Breast milk jaundice may be confirmed by substituting breastfeeding with formula feeds for 24–48 hours. The bilirubin level will always drop to a lower level and increase again when breastfeeding is resumed. However, the level will not rise to the original high level. Breast milk jaundice is an unconjugated hyperbilirubinaemia and the infant is always well and thriving.

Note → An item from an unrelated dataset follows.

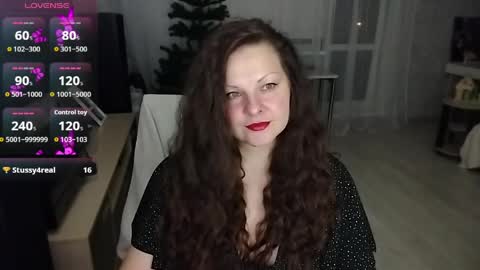 Mila online show from June 3, 6:35 pm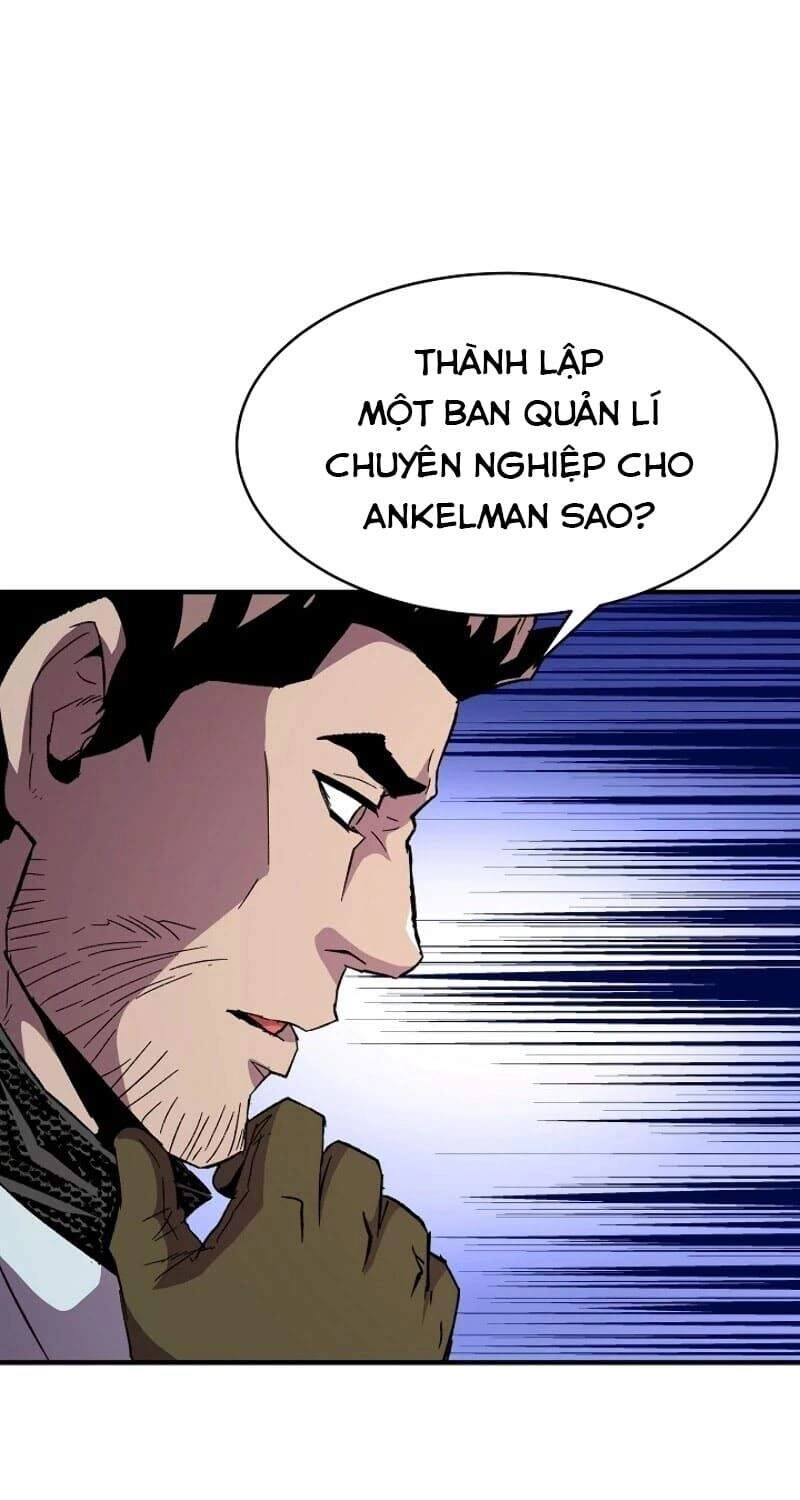 Sự Trở Lại Của Pháp Sư 8 Vòng Chapter 56 - 50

Abnormal thyroid function, increased TSH and decreased T3 and T4, indicates hypothyroidism. Unconjugated bilirubin fraction is raised and the infant may have clinical signs of hypothyroidism e.g.:
- lethargy,
- constipation,
- feeding difficulties,
- hypotonia,
- poor cry,
- umbilical hernia,
- nasal obstruction,
- hypothermia, and
- bradycardia.
Infants with galactosaemia usually present with:
- a conjugated hyperbilirubinaemia,
- vomiting,
- refusal to feed,
- hepatomegaly,
- failure to thrive,
- hypoglycaemia,
- encephalopathy, and
- cataracts (later).
DIAGNOSTIC CRITERIA
- Hepatitis may be confirmed by abnormal liver function tests, i.e. raised values of:
- AST,
- ALP,
- ALT,
- bilirubin, mainly the conjugated fraction,
- GGT.
- Hepatomegaly or hepatosplenomegaly.
- If conjugated hyperbilirubiniaemia – see above.
Investigations
- Syphilis. See Syphilis, early congenital .

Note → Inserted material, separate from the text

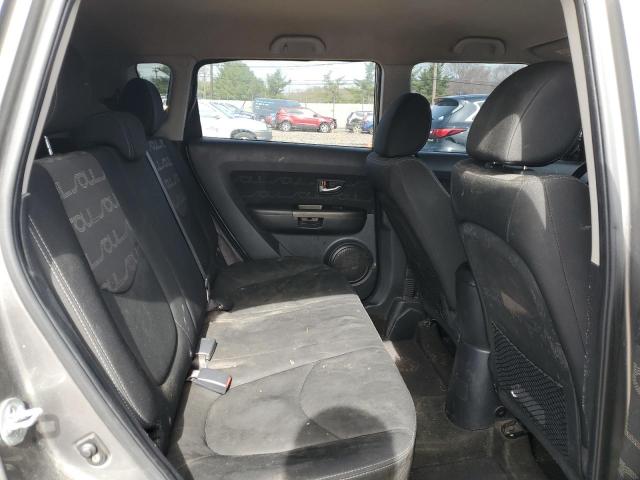 Photo 10 from auction – 2013 KIA SOUL + with VIN KNDJT2A62D7534835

- Thyroid function (see Chapter: Endocrine System, Hypothyroidism, congenital ), and
- Urine for MCS (see Chapter: Nephrological/Urological Disorders, Urinary tract infections ).
- Suspect galactosaemia if urine is positive for reducing substances but negative for glucose in a baby receiving lactose-containing feeds. A galactose-1-phosphate uridyl transferase assay will confirm the diagnosis.
GENERAL AND SUPPORTIVE MEASURES
- Monitor bilirubin levels.
- Treat the underlying cause.
- Dietary adjustment for prolonged conjugated hyperbilirubinaemia to counteract the malabsorption of fat and fat soluble vitamins (A, D, E and K).
- Avoid lactose containing feeds, i.e. breast milk and lactose containing formulae, when galactosaemia is suspected.
- Regular follow up until the underlying condition has been resolved.
MEDICINE TREATMENT
All premature babies, day 15 to 1 year:
- Multivitamin, drops, oral, 0.6 mL daily.
REFERRAL
- Pathological jaundice, unconjugated and/or conjugated, where the underlying cause cannot be identified.
- Serum unconjugated bilirubin at exchange transfusion level.
- Jaundice, unconjugated and/or conjugated, not improving on adequate treatment.
- Conjugated hyperbilirubinaemia due to conditions requiring surgical intervention e.g. biliary atresia.
- Prolonged neonatal jaundice, excluding breast milk jaundice.